Karl Mauch, a German geologist arrived at Great Zimbabwe monuments on Sunday 3 September 1871.
In his diaries, he noted that a Karanga tribesman took him there to show him ‘Dzimbahwe’, the scared city of stone where the local people claimed to hear drums played at night.
Mauch described the walls as beautifully curved undulating and bearing no mortar.

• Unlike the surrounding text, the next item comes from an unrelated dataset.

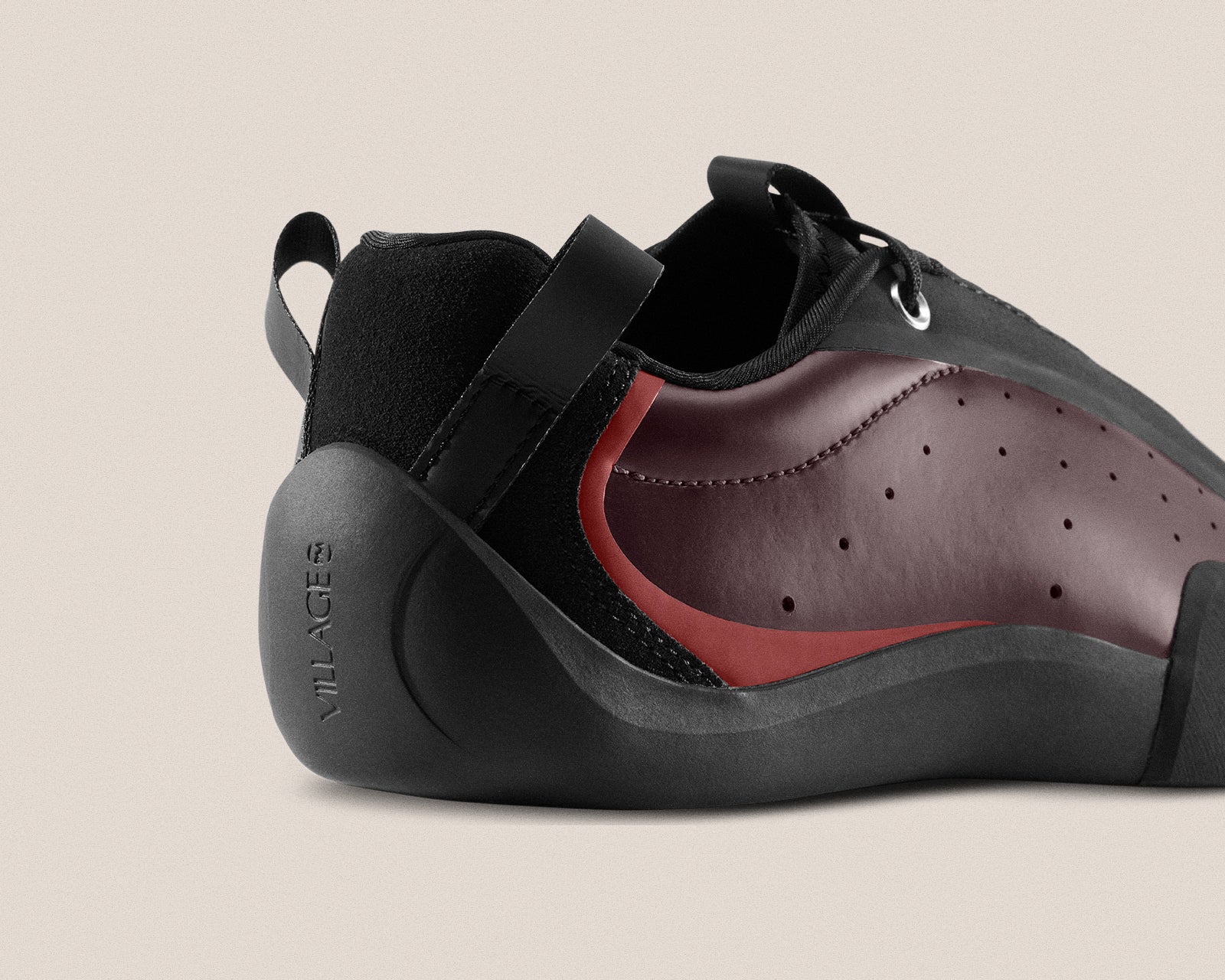 village-pm-2pm-skateboard-schuh-low-top image 5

He looked at the soapstone and iron relics and said only “a civilised white nation must once have lived there.”
Then he cut a piece of wood from a tree with red juices, (probably a Mubvamaropa tree) and concluded that this tree was unique and it could only have come from Lebanon with the Phoenicians.
After Karl Mauch’s findings, Cecil John Rhodes, the great colonialist, made a visit in 1890 and told the chiefs that he had come to look for the “the ancient temple which once upon a time belonged to whitemen.”

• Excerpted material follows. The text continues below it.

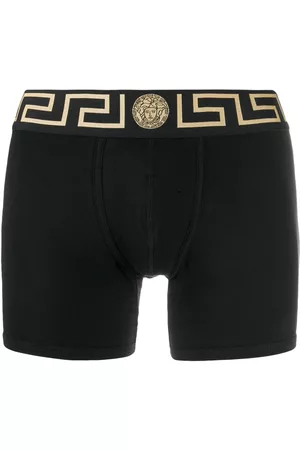 VERSACE Bóxer Greca Border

Rhodes then established the Ancient Ruins Company and financed James Theodore Bent from the British Association of Science.

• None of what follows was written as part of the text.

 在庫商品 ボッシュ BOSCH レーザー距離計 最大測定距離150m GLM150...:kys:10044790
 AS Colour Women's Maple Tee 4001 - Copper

In 1892, Bent published The Ruined Cities of Mashonaland in which he said items found within the Great Zimbabwe complex proved that the civilisation was not built by local Africans.
A few years later Richard Hall was hired to investigate the Great Zimbabwe site.
Hall asserted in his work, The Ancient Ruins of Rhodesia that the civilisation was built by ‘more civilised races’ than the Africans.
Hall deliberately dug two metres deep and destroyed archeological evidence which pointed to the Shona people as builders of Great Zimbabwe.
Hall said he wanted to, “remove the filth and decadence of Kaffir occupation.”
In 1905, British archeologist David Randall-MacIver arrived at Great Zimbabwe and studied the mud dwellings within the stone enclosures.
Randall-MacIver was the first European researcher to say that the dwellings were “unquestionably African in every detail.”
As a result of this bold assertion, Randall – MacIver and other archeologists were banned from the Zimbabwe site by the colonial government.
Meanwhile, the looting continued from whoever arrived to explore and dig for gold and suspected treasures.
And 25 years later, British archeologists led by Gertrude Caton -Thompson came and spent two years at Great Zimbabwe.
Although a lot had been destroyed and stolen, Caton – Thompson found Persian bowls, Chinese celadon dishes, and Asian glassware.
These 12th to 15th century goods were evidence that there was a Shona and Indian Ocean trade link.
Gertrude Caton-Thompson also examined the pottery style, wall decoration and the Karanga linguistic data and concluded that the ruins were of Shona origin.
Great Zimbabwe remains the largest single prehistoric structure in Sub-Saharan Africa related to similar structures at Mapungubwe across the Limpopo on the South African side.
It was one of 300 known stone enclosure sites on the Zimbabwe Plateau and it the largest ancient stone construction south of the Sahara.
There was a lot of wealth and knowledge in the work of art and architecture at Great Zimbabwe that was destroyed during the early days of colonialism.
Today, the Zimbabwe artifacts are kept in museums, public offices and private collections all over the Western world.
It was tragic that much of our history as recorded by the creative work of the artifacts was lost and it will not be reconstituted.